Que fotografias vão publicar, agora, no âmbito da “operação Zelote”?
Assim como não se pode incriminar em conjunto o povo alemão pelo nazismo, ou os comunistas e socialistas pelo stalinismo, ou a integralidade dos empresários italianos pelo fascismo, qualquer generalização sobre o papel social e político de um partido, ou mesmo de um grupo empresarial, quanto à corrupção – como se faz atualmente contra os partidos no Brasil e contra o PT, em particular -, é uma política para esconder ou prevenir outras responsabilidades individuais. À medida que eu oponho coletivos de referência, como criminosos, os indivíduos desaparecem. Tal desaparecimento não só não ajuda a combater a corrupção e a responsabilização penal dos implicados, mas “ensina” que os corruptos “estão na política”, não nos meios de comunicação, nas entidades empresariais e nos grupos de extrema-direita não partidarizados. Ao lado de tudo isso, contra estas tendências à barbárie e à violência, a humanidade vem construindo arquitetura de direitos, princípios de igualdade, joias filosóficas, literárias e morais, dando demonstrações, individuais e coletivas, tanto de heroísmo como de solidariedade. O que vai vencer no presente, ainda não se sabe. Mas os seres humanos escolhem entre alternativas.

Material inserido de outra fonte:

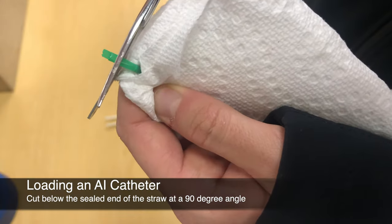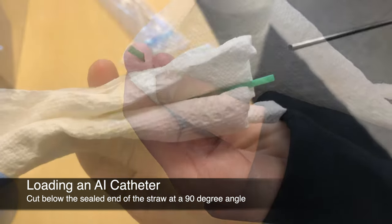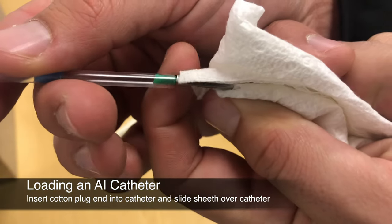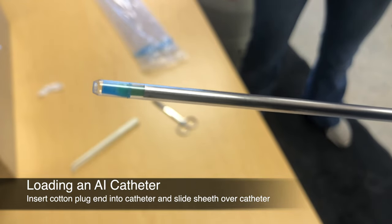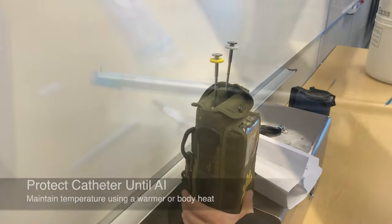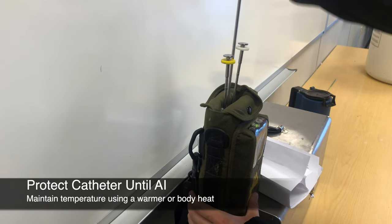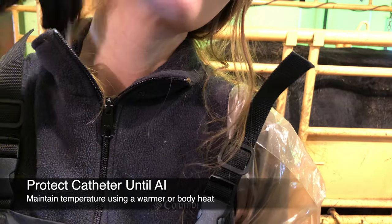Using scissors or a straw cutter, cut a quarter inch below the sealed end of the straw at a 90-degree angle. Insert the cotton plug end of the straw into the AI catheter and slide the plastic sheath over the catheter. Most sheaths are designed with a tip that will lock into place to prevent backflow. Once you have loaded the straw, continue to keep the catheter warm and out of direct sunlight — place it back into the warmer or into your shirt until you are ready to use it.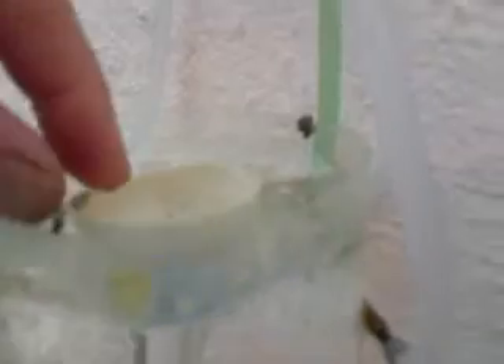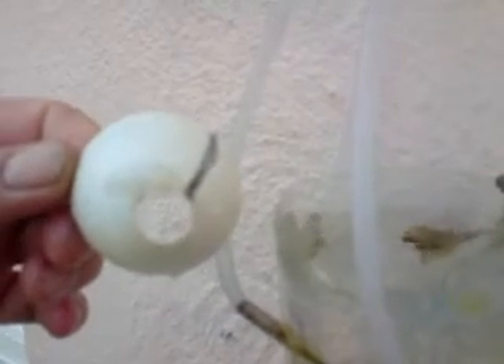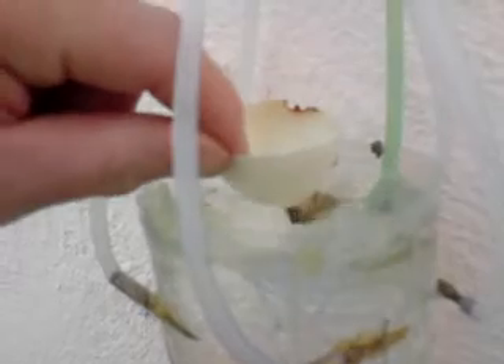Or you can get an egg, cut the top off, then be a third down, put a big hole in the bottom, stick it in, and it'll empty and do the same thing. So that's how you float an egg, or a shell, with a hole in it.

Os que controlam os cordéis do poder de informar e manipular, a especulação financeira global e os que se beneficiam infinitamente do sistema e se amortecem num sectarismo insano, talvez não tenham consciência do que estão provocando. Mas os que militam, conscientemente, para degradar a democracia, anular o outro diferente e, como indivíduos, assaltam o Estado e cantam uma moralidade deteriorada pelos seus interesses de classe, esses são incorrigíveis e sequer ficam ruborizados.
Arpad Toth, poeta húngaro, cantou liricamente o silêncio dos sem voz ou com pouca voz, que são as principais vítimas deste processo, cínico e insano: “Esse é o tempo do Anticristo. Brilha a repugnante sujeira dourada do mundo. E entram no Céu: Nadas engravatados, canalhas sutis.” (…) “Mas eu luto aqui em baixo; e ninguém nem vê. Esses tormentos que me queimam nas noites do meu silêncio.”